━━ INFORMATION SHOWN ━━
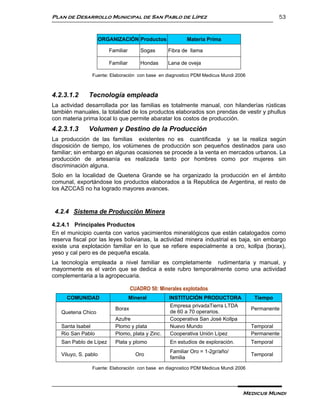 Plan de Desarrollo Municipal de San Pablo de Lípez                                              53


                      ORGANIZACIÓN Productos              Materia Prima

                         Familiar       Sogas      Fibra de llama

                         Familiar       Hondas     Lana de oveja

                Fuente: Elaboración con base en diagnostico PDM Medicus Mundi 2006



4.2.3.1.2      Tecnología empleada
La actividad desarrollada por las familias es totalmente manual, con hilanderías rústicas
también manuales, la totalidad de los productos elaborados son prendas de vestir y phullus
con materia prima local lo que permite abaratar los costos de producción.
4.2.3.1.3      Volumen y Destino de la Producción
La producción de las familias existentes no es cuantificada y se la realiza según
disposición de tiempo, los volúmenes de producción son pequeños destinados para uso
familiar; sin embargo en algunas ocasiones se procede a la venta en mercados urbanos. La
producción de artesanía es realizada tanto por hombres como por mujeres sin
discriminación alguna.
Solo en la localidad de Quetena Grande se ha organizado la producción en el ámbito
comunal, exportándose los productos elaborados a la Republica de Argentina, el resto de
los AZCCAS no ha logrado mayores avances.



 4.2.4 Sistema de Producción Minera

4.2.4.1 Principales Productos
En el municipio cuenta con varios yacimientos mineralógicos que están catalogados como
reserva fiscal por las leyes bolivianas, la actividad minera industrial es baja, sin embargo
existe una explotación familiar en lo que se refiere especialmente a oro, kollpa (borax),
yeso y cal pero es de pequeña escala.
La tecnología empleada a nivel familiar es completamente rudimentaria y manual, y
mayormente es el varón que se dedica a este rubro temporalmente como una actividad
complementaria a la agropecuaria.

                                    CUADRO 50: Minerales explotados
     COMUNIDAD                      Mineral        INSTITUCIÓN PRODUCTORA             Tiempo
                                                   Empresa privadaTierra LTDA
                           Borax                                                     Permanente
   Quetena Chico                                   de 60 a 70 operarios.
                           Azufre                  Cooperativa San José Kollpa
   Santa Isabel            Plomo y plata           Nuevo Mundo                       Temporal
   Rio San Pablo           Plomo, plata y Zinc.    Cooperativa Unión Lípez           Permanente
   San Pablo de Lípez      Plata y plomo           En estudios de exploración.       Temporal
                                                   Familiar Oro = 1-2gr/año/
   Viluyo, S. pablo                   Oro                                            Temporal
                                                   familia

                Fuente: Elaboración con base en diagnostico PDM Medicus Mundi 2006




                                                                                 Medicus Mundi
 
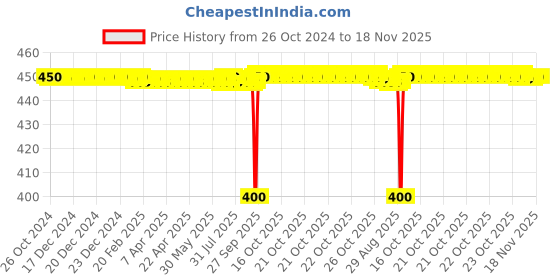 moglix.com BM3 30x52x16mm Chrome Steel Thrust Ball Bearing, 51206 (Pack of 5) bm3 Price History Graph from 26 Oct 2024 to 18 Nov 2025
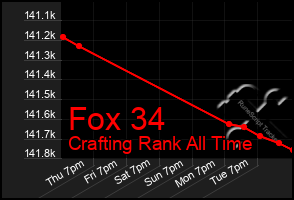 Total Graph of Fox 34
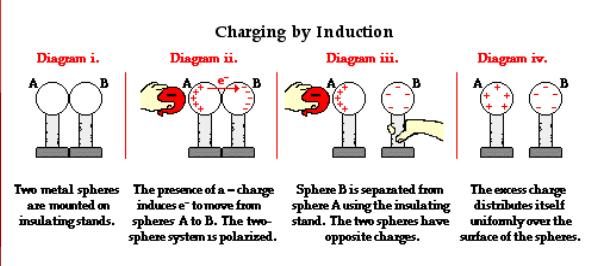 Charging by Induction When a charged object is brought near a neutral object, the charged object can induce, or force, a net charge to appear on one side of the object.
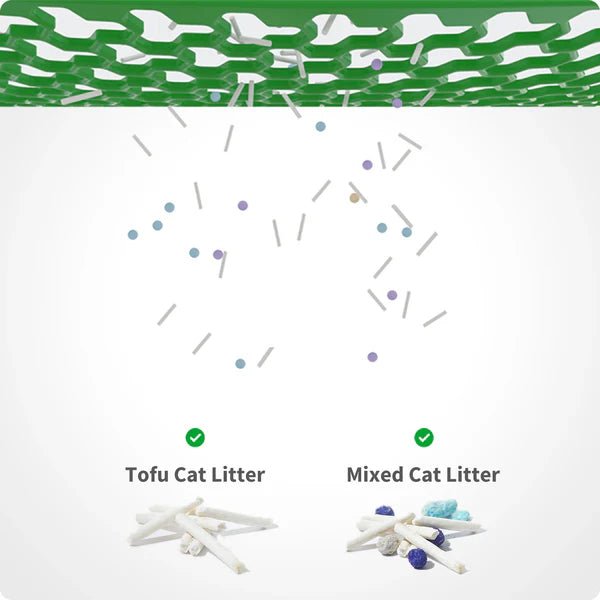 Puramax 2 - Litter Box - Captain India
━━━
__REQUIRED ACTION__. When you repeat the data, keep every line exact and drop the images.

__FINISHED TASK__.
 Plan de Desarrollo Municipal de San Pablo de Lípez                                              53


                      ORGANIZACIÓN Productos              Materia Prima

                         Familiar       Sogas      Fibra de llama

                         Familiar       Hondas     Lana de oveja

                Fuente: Elaboración con base en diagnostico PDM Medicus Mundi 2006



4.2.3.1.2      Tecnología empleada
La actividad desarrollada por las familias es totalmente manual, con hilanderías rústicas
también manuales, la totalidad de los productos elaborados son prendas de vestir y phullus
con materia prima local lo que permite abaratar los costos de producción.
4.2.3.1.3      Volumen y Destino de la Producción
La producción de las familias existentes no es cuantificada y se la realiza según
disposición de tiempo, los volúmenes de producción son pequeños destinados para uso
familiar; sin embargo en algunas ocasiones se procede a la venta en mercados urbanos. La
producción de artesanía es realizada tanto por hombres como por mujeres sin
discriminación alguna.
Solo en la localidad de Quetena Grande se ha organizado la producción en el ámbito
comunal, exportándose los productos elaborados a la Republica de Argentina, el resto de
los AZCCAS no ha logrado mayores avances.



 4.2.4 Sistema de Producción Minera

4.2.4.1 Principales Productos
En el municipio cuenta con varios yacimientos mineralógicos que están catalogados como
reserva fiscal por las leyes bolivianas, la actividad minera industrial es baja, sin embargo
existe una explotación familiar en lo que se refiere especialmente a oro, kollpa (borax),
yeso y cal pero es de pequeña escala.
La tecnología empleada a nivel familiar es completamente rudimentaria y manual, y
mayormente es el varón que se dedica a este rubro temporalmente como una actividad
complementaria a la agropecuaria.

                                    CUADRO 50: Minerales explotados
     COMUNIDAD                      Mineral        INSTITUCIÓN PRODUCTORA             Tiempo
                                                   Empresa privadaTierra LTDA
                           Borax                                                     Permanente
   Quetena Chico                                   de 60 a 70 operarios.
                           Azufre                  Cooperativa San José Kollpa
   Santa Isabel            Plomo y plata           Nuevo Mundo                       Temporal
   Rio San Pablo           Plomo, plata y Zinc.    Cooperativa Unión Lípez           Permanente
   San Pablo de Lípez      Plata y plomo           En estudios de exploración.       Temporal
                                                   Familiar Oro = 1-2gr/año/
   Viluyo, S. pablo                   Oro                                            Temporal
                                                   familia

                Fuente: Elaboración con base en diagnostico PDM Medicus Mundi 2006




                                                                                 Medicus Mundi
 
 moglix.com BM3 30x52x16mm Chrome Steel Thrust Ball Bearing, 51206 (Pack of 5) bm3 Price History Graph from 26 Oct 2024 to 18 Nov 2025
 Total Graph of Fox 34
 Charging by Induction When a charged object is brought near a neutral object, the charged object can induce, or force, a net charge to appear on one side of the object.
 Puramax 2 - Litter Box - Captain India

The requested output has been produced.